Required work. Tally the lines in the listing below that hold the string "crumpled", and reply with that tally alone.

Data.
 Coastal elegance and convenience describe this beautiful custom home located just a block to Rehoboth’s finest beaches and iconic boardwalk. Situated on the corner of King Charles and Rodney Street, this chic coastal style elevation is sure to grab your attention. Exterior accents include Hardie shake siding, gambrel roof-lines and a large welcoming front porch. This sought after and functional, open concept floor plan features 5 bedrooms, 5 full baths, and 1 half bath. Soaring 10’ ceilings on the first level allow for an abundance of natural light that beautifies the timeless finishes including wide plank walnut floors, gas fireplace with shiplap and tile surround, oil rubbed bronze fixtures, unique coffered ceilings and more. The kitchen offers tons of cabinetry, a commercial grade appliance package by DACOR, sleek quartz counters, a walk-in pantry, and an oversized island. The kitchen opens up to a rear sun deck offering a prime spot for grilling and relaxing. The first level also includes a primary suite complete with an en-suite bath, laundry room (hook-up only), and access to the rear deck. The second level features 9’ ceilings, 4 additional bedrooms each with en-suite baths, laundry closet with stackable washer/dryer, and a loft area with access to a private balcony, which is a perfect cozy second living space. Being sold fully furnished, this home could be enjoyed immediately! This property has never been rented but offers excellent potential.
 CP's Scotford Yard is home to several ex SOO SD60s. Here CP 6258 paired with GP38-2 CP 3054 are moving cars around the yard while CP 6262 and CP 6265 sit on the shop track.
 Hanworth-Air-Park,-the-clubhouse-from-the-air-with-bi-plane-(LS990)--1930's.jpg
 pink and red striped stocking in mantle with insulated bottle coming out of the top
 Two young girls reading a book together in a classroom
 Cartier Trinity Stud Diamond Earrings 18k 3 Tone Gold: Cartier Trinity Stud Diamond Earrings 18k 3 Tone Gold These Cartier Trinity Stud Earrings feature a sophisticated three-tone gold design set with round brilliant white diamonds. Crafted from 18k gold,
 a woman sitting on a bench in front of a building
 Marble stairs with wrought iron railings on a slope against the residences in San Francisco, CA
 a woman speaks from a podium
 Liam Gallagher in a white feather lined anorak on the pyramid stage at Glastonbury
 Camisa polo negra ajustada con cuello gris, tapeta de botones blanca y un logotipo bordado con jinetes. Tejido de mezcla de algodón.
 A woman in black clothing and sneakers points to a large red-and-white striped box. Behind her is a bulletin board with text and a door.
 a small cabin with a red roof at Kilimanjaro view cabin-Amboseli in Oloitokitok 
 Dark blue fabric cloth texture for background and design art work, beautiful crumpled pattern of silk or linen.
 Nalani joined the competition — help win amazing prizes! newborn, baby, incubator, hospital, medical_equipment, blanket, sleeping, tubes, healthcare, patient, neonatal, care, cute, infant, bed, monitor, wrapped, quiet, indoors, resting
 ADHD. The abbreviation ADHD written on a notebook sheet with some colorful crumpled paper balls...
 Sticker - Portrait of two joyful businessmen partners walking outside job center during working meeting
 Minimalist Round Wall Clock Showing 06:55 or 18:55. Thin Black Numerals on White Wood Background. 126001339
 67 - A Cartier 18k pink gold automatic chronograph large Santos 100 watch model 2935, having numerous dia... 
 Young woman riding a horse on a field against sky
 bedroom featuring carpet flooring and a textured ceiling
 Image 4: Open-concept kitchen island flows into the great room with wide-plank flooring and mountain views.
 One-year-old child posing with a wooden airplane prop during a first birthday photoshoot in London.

Your solution. 2